O altruísmo no Brasil foi "privatizado" pela religiosidade. É certo que, num país beato que é o Brasil, a religiosidade é tão carregada que devemos ser seletivos quanto a instituições religiosas que valem a pena. Na natureza, não se dá saltos e, por isso, seria recomendável evitar religiões obscurantistas e que são até invasivas em áreas de entretenimento não-religioso, como as seitas neopentecostais e o Espiritismo brasileiro, ambas patrocinadas pela ditadura militar para combater a Teologia da Libertação.
A fé religiosa é ainda uma tradição muito arraigada nas pessoas. Tudo bem. Se as pessoas se sentem bem assim, cabe respeitar e só se pede para evitar as armadilhas neopentecostais e "espíritas" (neste caso, é uma religião bastante azarenta) e partir para religiões como o Catolicismo, crenças evangélicas como a Igreja Batista, a Igreja Adventista e vertentes mais antigas da Assembleia de Deus, e outras crenças como o Islamismo, as religiões orientais (como a Seicho-No-Iê) e as religiões de origem africana.
Mas, independente disso, a questão do altruísmo traz problemas por essa virtude ser um subproduto da religião. Em outras palavras, as pessoas não ajudam o próximo por vontade própria, mas por imposição de uma religião. E falamos justamente da classe mais influente nas redes sociais, a burguesia ilustrada, que domina as narrativas e o sistema de valores que vemos no Instagram, Tik Tok e Facebook, mesmo expressos por gente aparentemente pobre.
A própria burguesia enrustida brasileira, que se acha "mais povo que o povo", é naturalmente egoísta, embora tire onda de ser a "classe mais legal do mundo". Sua noção de "amor ao próximo" é muito menos solidária do que se diz e se limita a ações paternalistas que não ajudam o pobre a sair da miséria, mas a suportar essa situação degradante.
Ultimamente, a burguesia ilustrada tenta parecer "invisível" como classe, agora que apoia de maneira incondicional o atual mandato de Lula. Tenta se passar por "gente simples" e pega carona na retórica "democrática" do presidente Lula, alegando que hoje "são novos tempos".
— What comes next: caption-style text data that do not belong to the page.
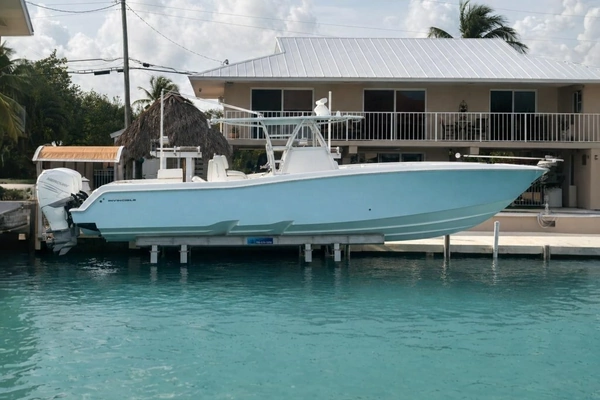 Invincible 2017 39 Open Fisherman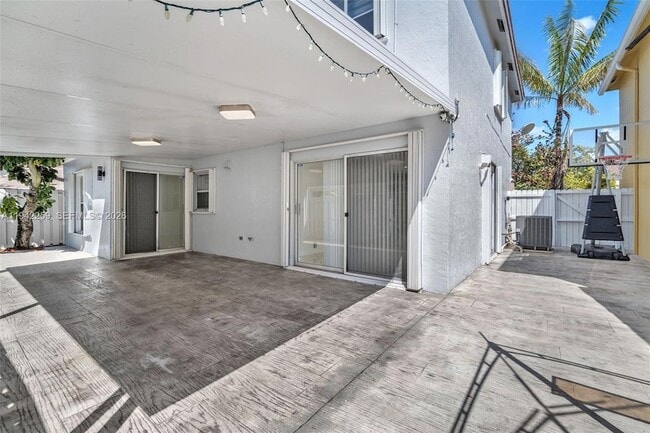 Building Photo - 300 SW 100th Ave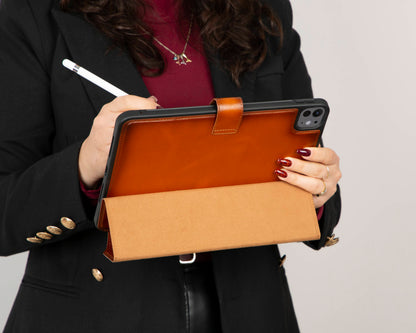 Trigon Leather iPad Pro 13" (2024) Case - TORONATA - color_ Tan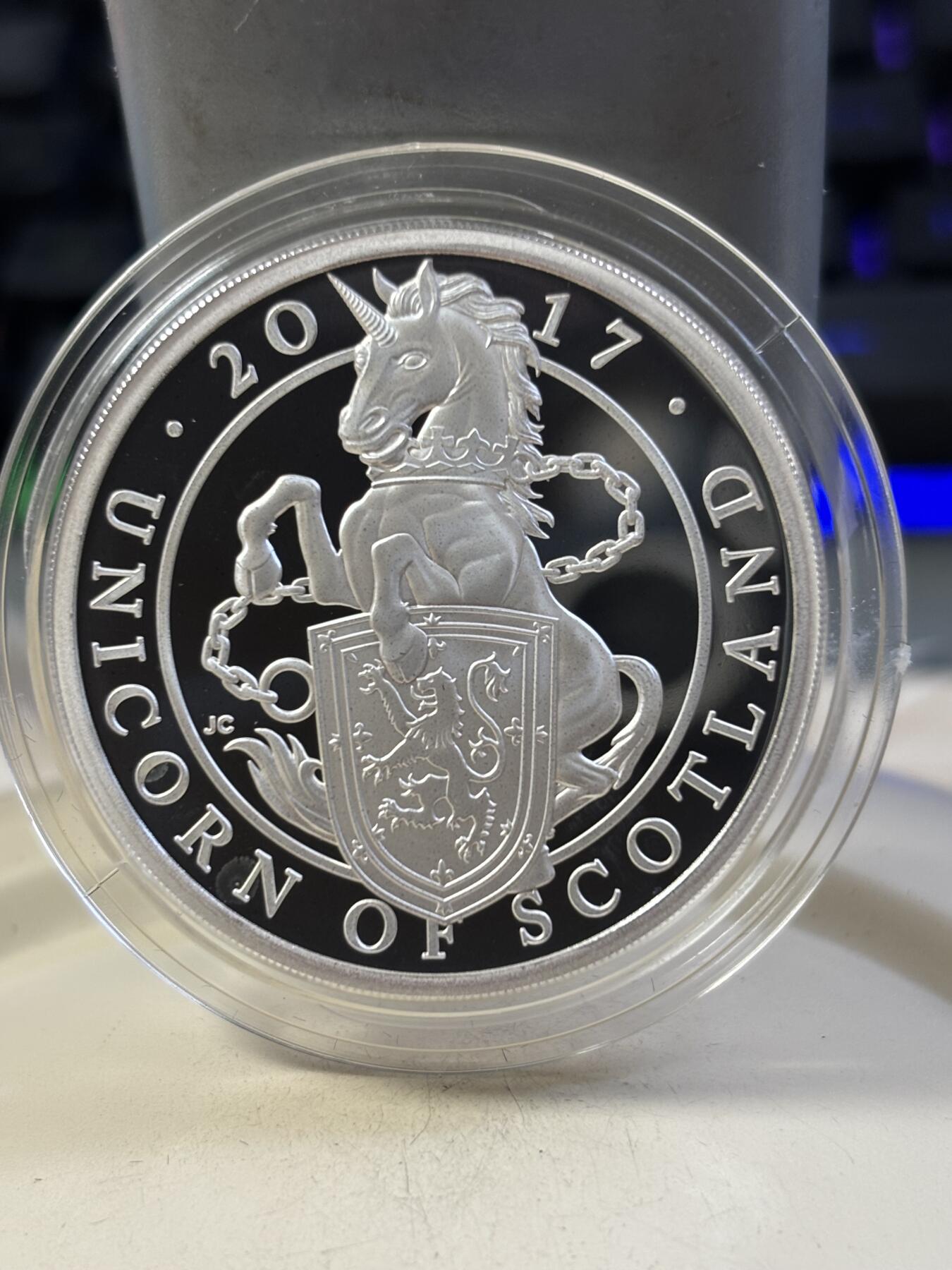 第189期拍卖 英国2017年女王神兽系列2苏格兰独角兽精制银币，999银，发行量6000枚，有氧化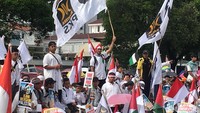 Tampak bendera PKS dikibarkan (Foto: Indra Komara/detikcom)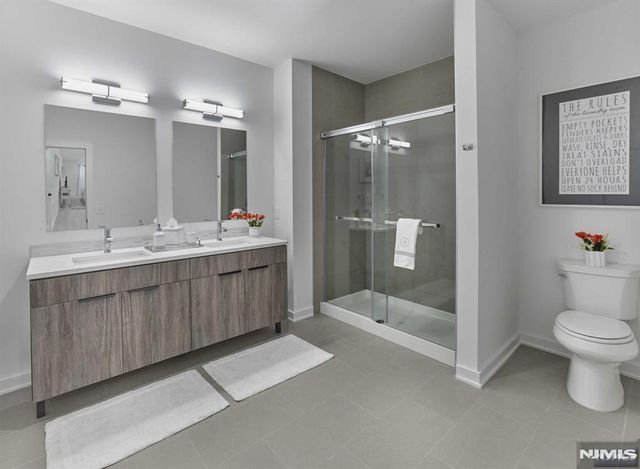 8 Tice Road 110, Franklin Lakes, NJ 07417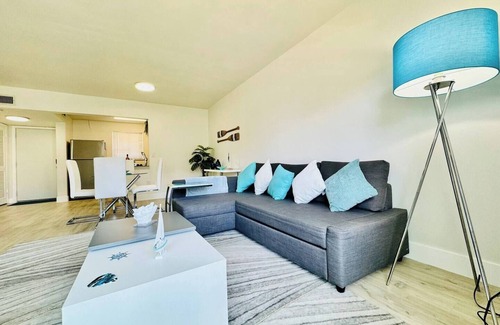 Eastern Shores Apartment | Waterfront 1BR, Parking , Walk to the Beach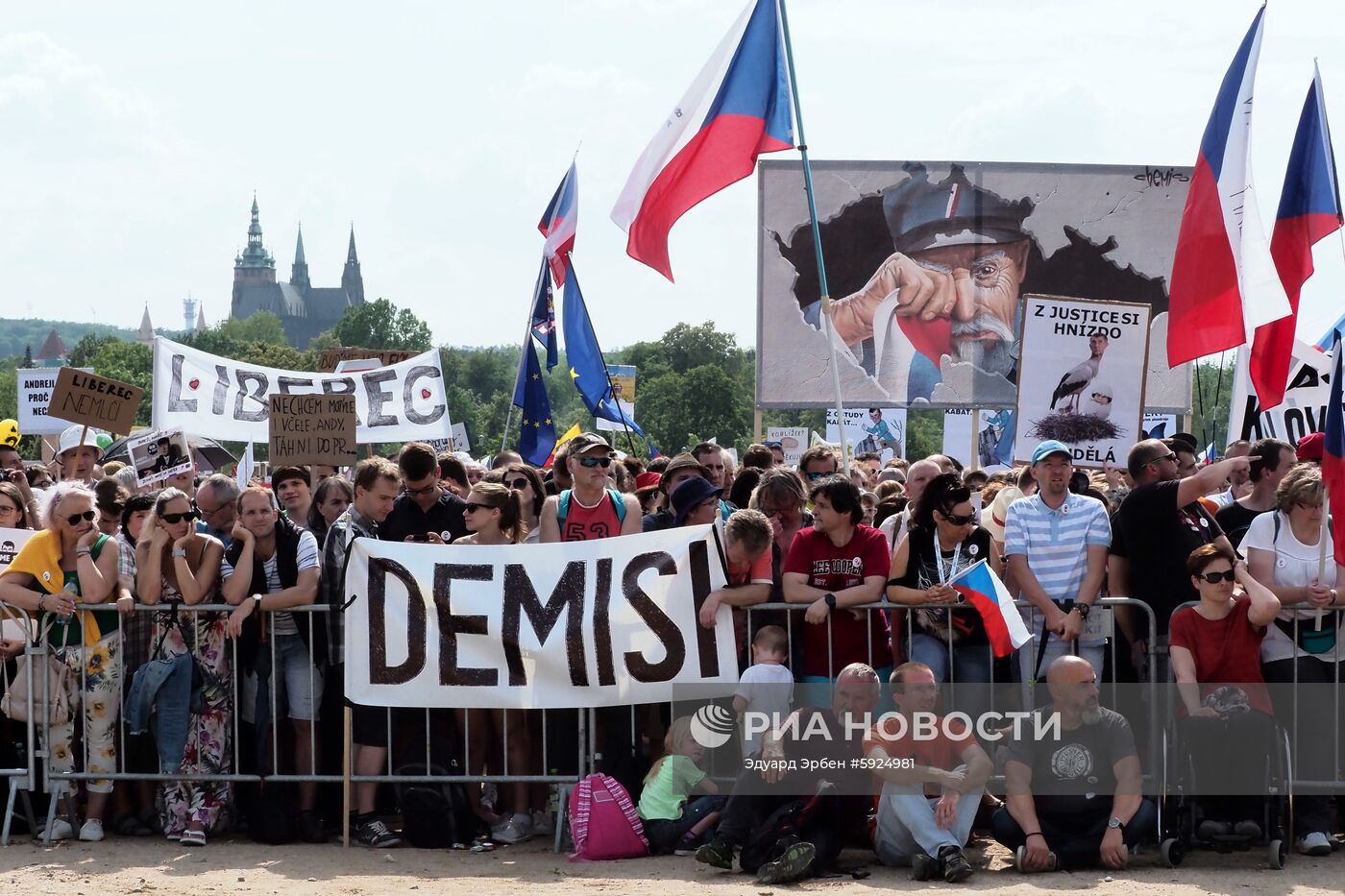 Акция в Праге против премьер-министра А. Бабиша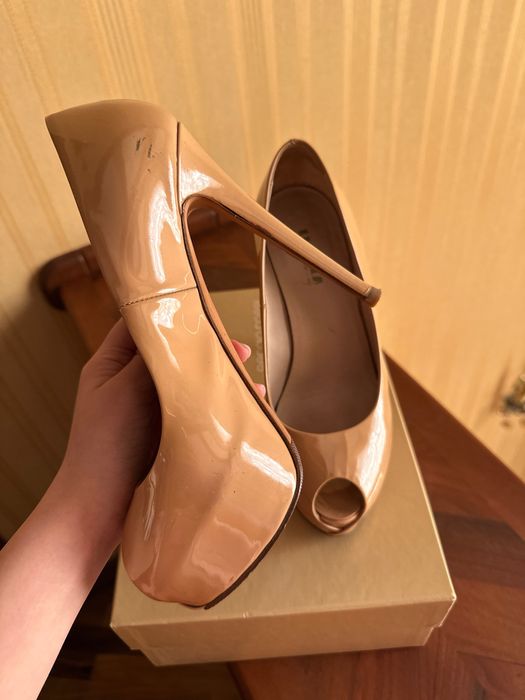 Бежевые лаковые туфли Le Silla, б/у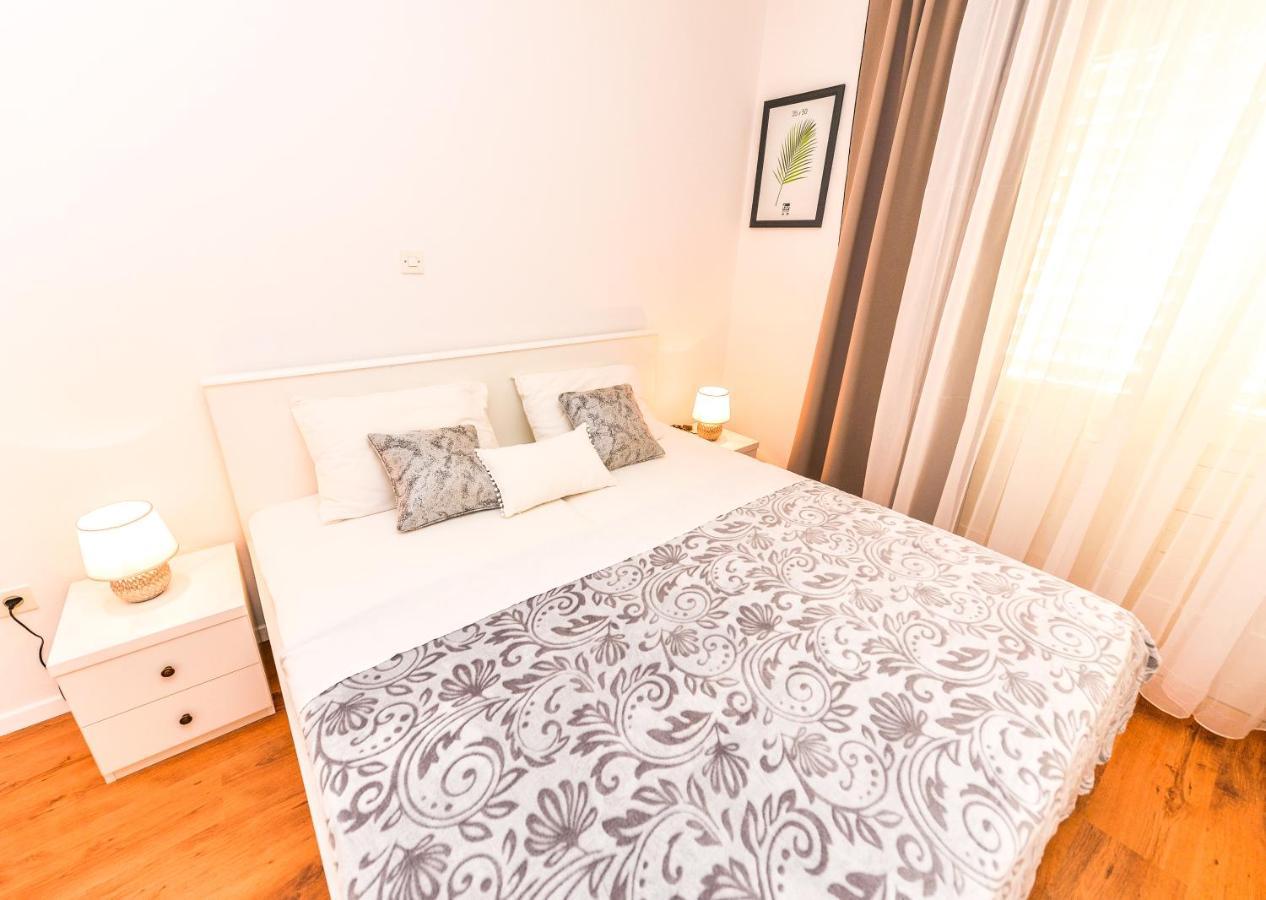 Apartments Ankica Novalja Eksteriør billede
Mas essa burguesia ilustrada, que joga comida fora, ouve música popularesca e continua com sua ganância financeira em dia, vê a pobreza como "identidade", um discurso que passou a ser adotado desde os anos 2000. A favela como "habitat natural" dos pobres, a pobreza como "modelo de vida", tudo isso demonstra a hipocrisia da burguesia de chinelos, ela mesma que se autoproclama "pobre" porque fala português errado, mas mesmo assim secretamente vive sua vida opulenta e cheia de privilégios.
Por isso, fica complicado ser altruísta no Brasil. A generosidade humana, embora seja mais propagandeada nas redes sociais, é uma raridade no nosso país. Há gente generosa, mas essas pessoas são mais exceção do que regra. Mas exceção, no Brasil, é como uma pequena van com pretensões de ter a ocupação de um trem-bala longo e superlotado. Toda exceção quer ser vista como regra, sem sê-la de fato.
Daí vemos a sina da Cracolândia, em São Paulo, com pessoas sofrendo e cuja única ajuda que recebem é receber marmitas nas horas das refeições. A institucionalização da pobreza derruba a máscara de caridade da "boa" sociedade que manipula a opinião pública que mais parece uma opinião que se publica.
E aí vemos tanta comoção em torno do falecimento de um pontífice que viveu distante, no círculo do poder político-religioso do Vaticano. É muito sentimentalismo e pouca ação, e vemos o quanto a "boa" sociedade despeja milhões de frases sobre "amor ao próximo" e "ajuda aos excluídos", mas nada de ações concretas, de solidariedade de fato.
Daí que é difícil não se lembrar do conto O Amigo Dedicado (The Devoted Friend), de Oscar Wilde, que em pleno Século 19 falava de coisas que ocorrem no Brasil de hoje. A hipocrisia do moleiro e suas palavras dóceis e meigas que mascaram seu elitismo cruel falam muito das elites "democráticas" de hoje, que falam demais sobre bons valores e boas ações, mas não se encorajam a fazer ações concretas, exceto nos limites do mero paternalismo. E se até Lula age menos e fala demais, quanto mais a burguesia de chinelos que tanto apoia o presidente. Vá entender essa burguesia.